* Instructions for the task
Leave the pictures out while you restate every entry below word for word.

* Input material
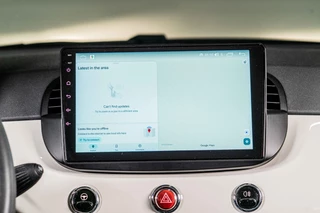 Fiat 500 – thumbnail 42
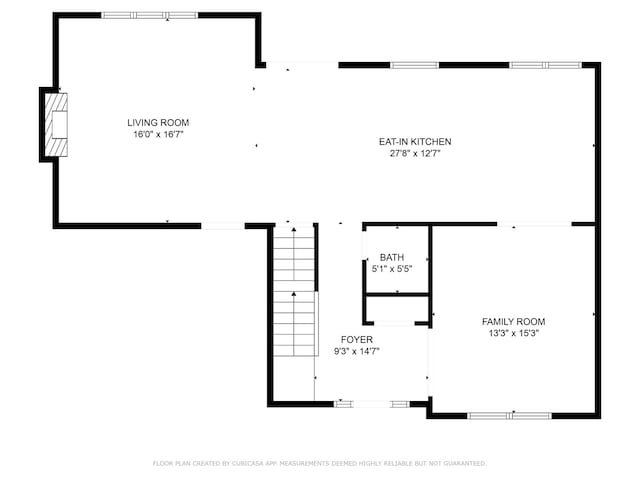2900 Bear Claw St, Normal, IL 61761 - photo 48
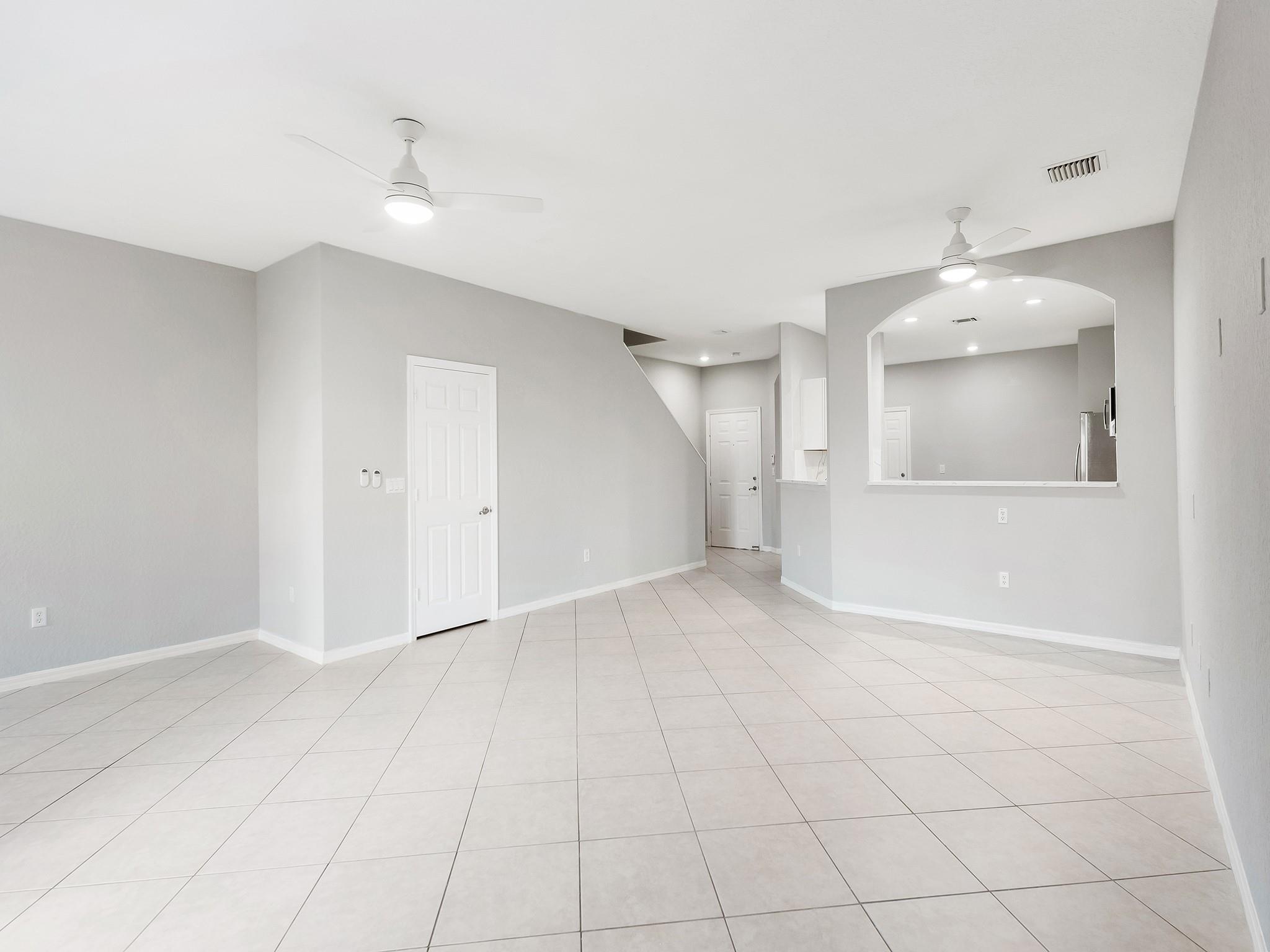 Hampton Hills - Residential Lease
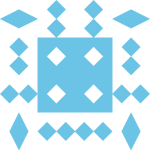 Avatar of купить шишки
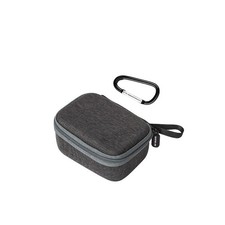 Protective Hard Shell Carrying Case Storage Box for Insta360 GO Ultra Accessory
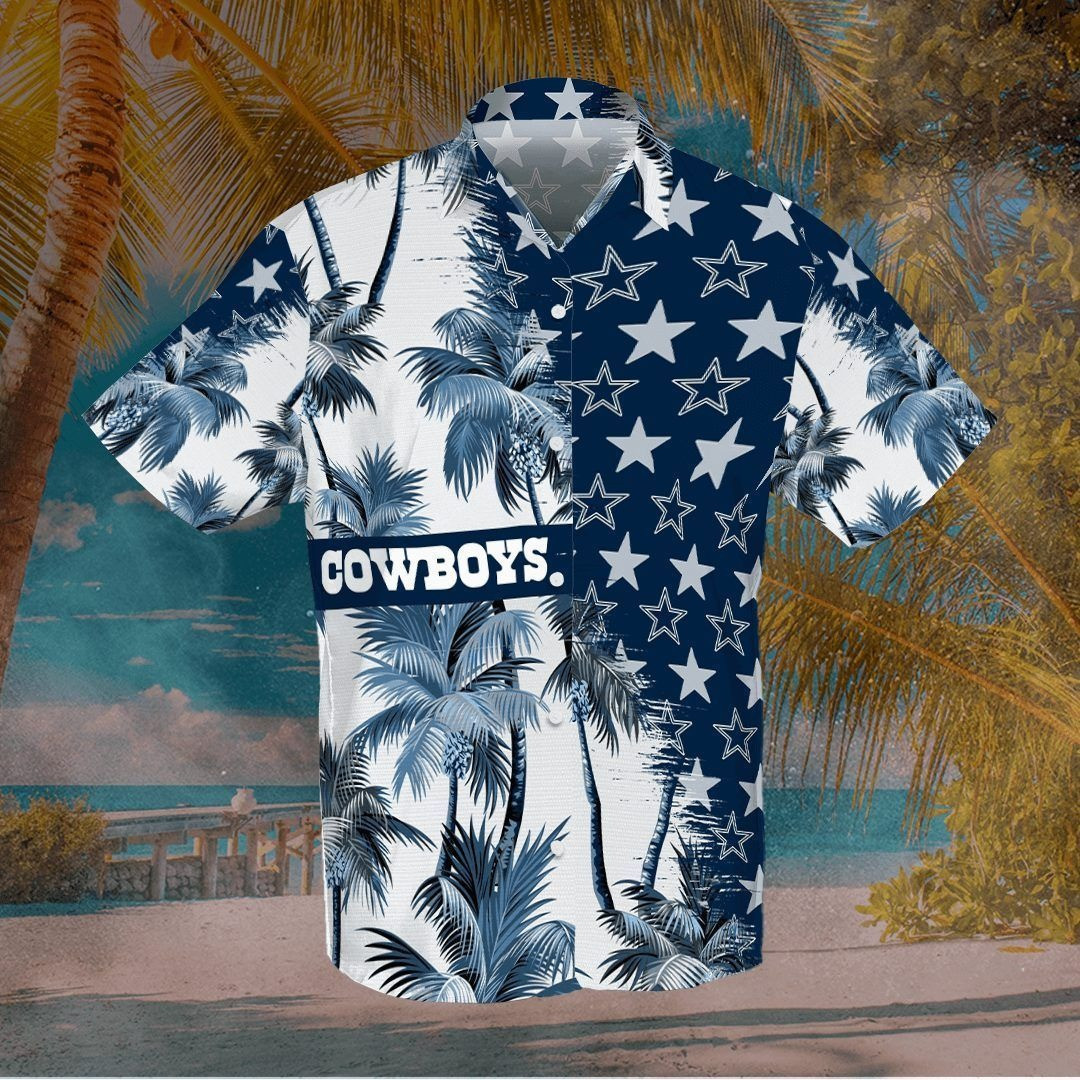 Dc Hawaii Shirts Ha15432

* Solved problem
 Fiat 500 – thumbnail 42
2900 Bear Claw St, Normal, IL 61761 - photo 48
 Hampton Hills - Residential Lease
 Avatar of купить шишки
 Protective Hard Shell Carrying Case Storage Box for Insta360 GO Ultra Accessory
 Dc Hawaii Shirts Ha15432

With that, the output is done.